Squid supports the concept of a hierarchy of proxies. If your proxy does not have an object on disk, it's default action is to connect to the origin web server and retrieve the page. In a hierarchy, your proxy can communicate with other proxies (in the hope that one of these servers will have the relevant page). You will, obviously, only peer with servers that are 'close' to you, otherwise you would end up slowing down access. If access to the origin server is faster than access to neighboring cache servers it is not a good idea to get the page from the slower link!

Having the ability to treat other caches as siblings is very useful in some interactions. For example: if you often do business with another company, and have a permanent link to their premises, you can configure your cache to communicate with their cache. This will reduce overall latency: it's almost certainly faster to get the page from them than from the other side of the country.

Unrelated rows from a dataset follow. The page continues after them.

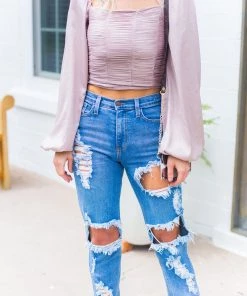 Vibrant MIU Kayla High Waisted Distressed Girlfriend Jeans - Medium Wash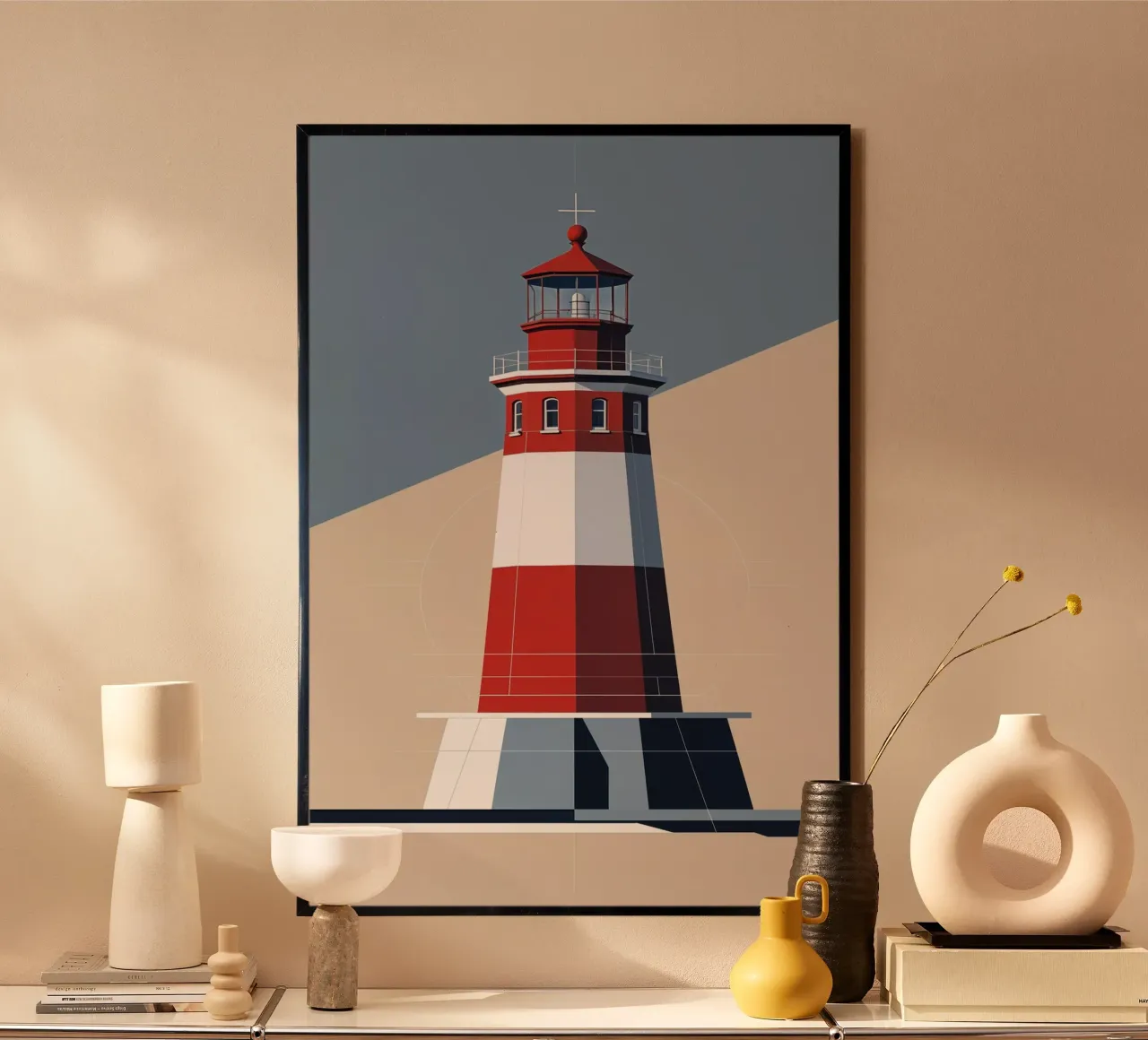 Hörnum Lighthouse in a Play of Light and Shadow carta hahnemühle da AlbertKlee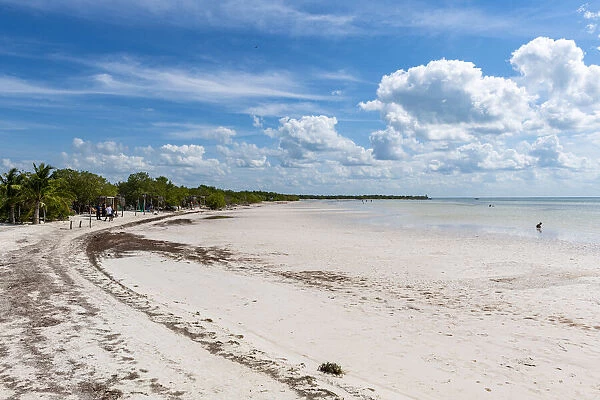 Turquoise waters and white sands of Holbox island, Yucatan, Mexico, North America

When querying more than one cache, Squid does not query each in turn, and wait for a reply from the first before querying the second (since this would create a linear slowdown as you add more siblings, and if the first server stops responding, you would slow down all incoming requests). Squid thus sends all ICP queries together - without waiting for replies. Squid then puts the client's request on hold until the first positive reply from a sibling cache is received, and will retrieve the object from the fastest-replying cache server. Since the earliest returning reply packet is usually on the fastest link (and from the least loaded sibling server), your server gets the page fast.

Squid will always get the page from the fastest-responding cache - be it a parent or a sibling.

The cache_peer option allows you to specify proxy servers that your server is to communicate with. The first line of the following example configures Squid to query the cache machine cache.myparent.example as a parent. Squid will communicate with the parent on HTTP port 3128, and will use ICP to query the server using port 3130. Configuring Squid to query more than one server is easy: simply add another cache_peer line. The second line configures cache.sibling.example as a sibling, listening for HTTP request on port 8080 and ICP queries on port 3130.

cache_peer cache.myparent.example parent 3128 3130
cache_peer cache.sibling.example sibling 8080 3130

If you do not wish to query any other caches, simply leave all cache_peer lines commented out: the default is to talk directly to origin servers.

Cache peering and hierarchy interactions are discussed in quite some detail in this book. In some cases hierarchy setups are the most difficult part of your cache setup process (especially in a distributed environment like a nationwide ISP). In depth discussion of hierarchies is beyond the scope of this chapter, so much more information is given in chapter 8. There are cases, where you need at least one hierarchy line to get Squid to work at all. This section covers the basics, just for those setups.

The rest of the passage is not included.